3.9 Each party may, without limiting any other rights or remedies it may have, set off any amounts owed to it by the other party against any amounts payable by it to the other party.
4. Quality of Services
4.1 The Designer warrants to the Customer that:
- the Designer will perform the Services with reasonable care and skill and in accordance with generally recognized commercial practices and standards in the industry for similar services;
- the Services will conform with all descriptions and specifications provided to the Customer by the Designer, as set out in Schedule 1; and
- the Services and Deliverables will be provided in accordance with all applicable legislation from time to time in force, and the Designer will inform the Customer as soon as it becomes aware of any changes in that legislation.
4.2 The provisions of this clause 4 shall survive any performance, acceptance or payment pursuant to this agreement and shall extend to any substituted or remedial services provided by the Designer.

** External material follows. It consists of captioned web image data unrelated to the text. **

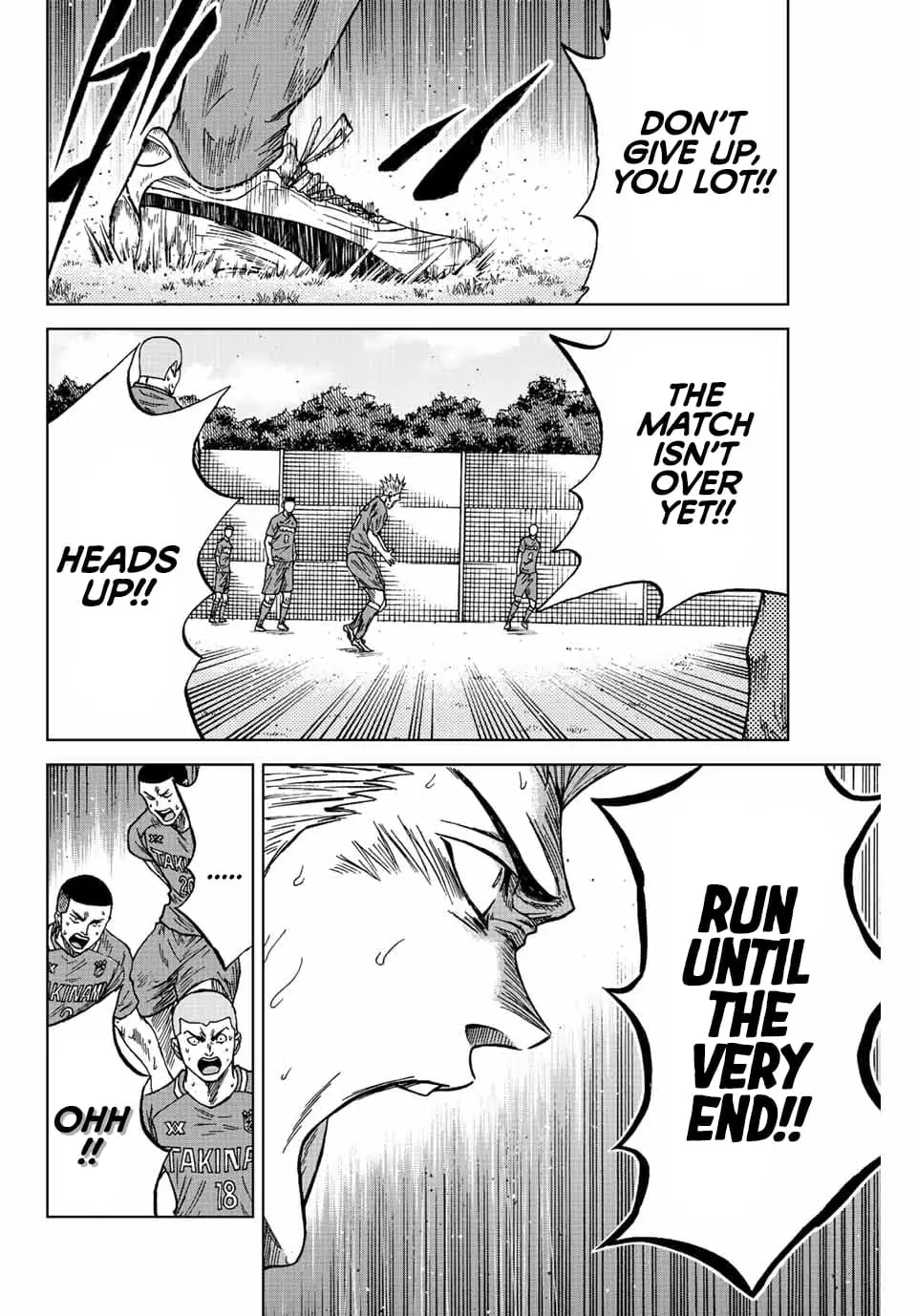 Read Dye Blue Even If You Die Manga Online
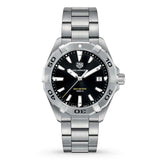  Shop Authentic Tag Heuer Aquaracer Black Dial Watch for Men - WAY1110.BA0928 - Luxxuri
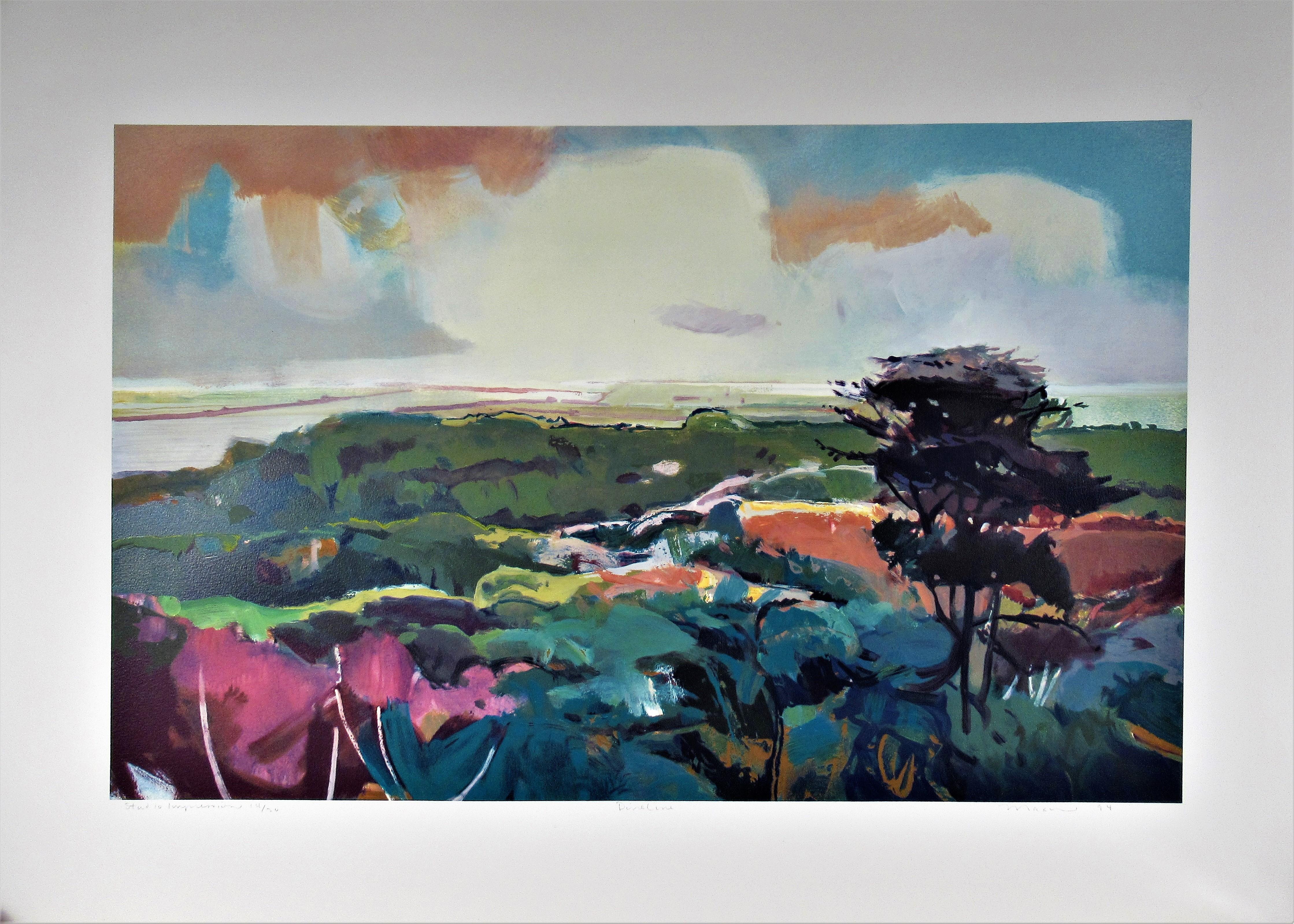 John Maxon Landscape Print - Dune line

5.1 Intellectual Property Rights shall mean all intellectual property rights wherever in the world arising, whether registered or unregistered (and including any application), including copyright, know-how, confidential information, trade secrets, business names and domain names, trade marks, service marks, trade names, patents, petty patents, utility models, design rights, semi-conductor topography rights, database rights and all rights in the nature of unfair competition rights or rights to sue for passing off, all subsisting in the Deliverables.
[PLEASE CHOOSE LICENSE/ASSIGNMENT OPTION]
5.2 All Intellectual Property Rights in the Deliverables arising in connection with this agreement shall be the property of the Customer, and the Designer hereby irrevocably assigns all such Intellectual Property Rights to the Customer, subject to payment of all the Designer’s charges as per clause 3. The parties shall execute all documents necessary to give effect to this clause.
The Designer hereby licenses all such Intellectual Property Rights to the Customer subject to payment of all the Designer’s charges as per clause 3:
- On an [EXCLUSIVE/NON EXCLUSIVE] basis
- With [LIMITED/FULL] [USAGE/MODIFICATION] rights
- For [COMMERCIAL/NON COMMERCIAL] use
- [WITH/WITHOUT] the option to sublicense
- While [WAIVING/RETAINING] moral rights of attribution and integrity of the Deliverables
6. Acceptance of Deliverables
6.1 If Deliverables are to be directly dispatched to a third party for printing by the Designer, the Customer shall have the right to approve these Deliverables before they are so dispatched.
If such approval is not secured by the Designer, the Customer shall not be obligated to pay the Designer’s charges as per clause 3.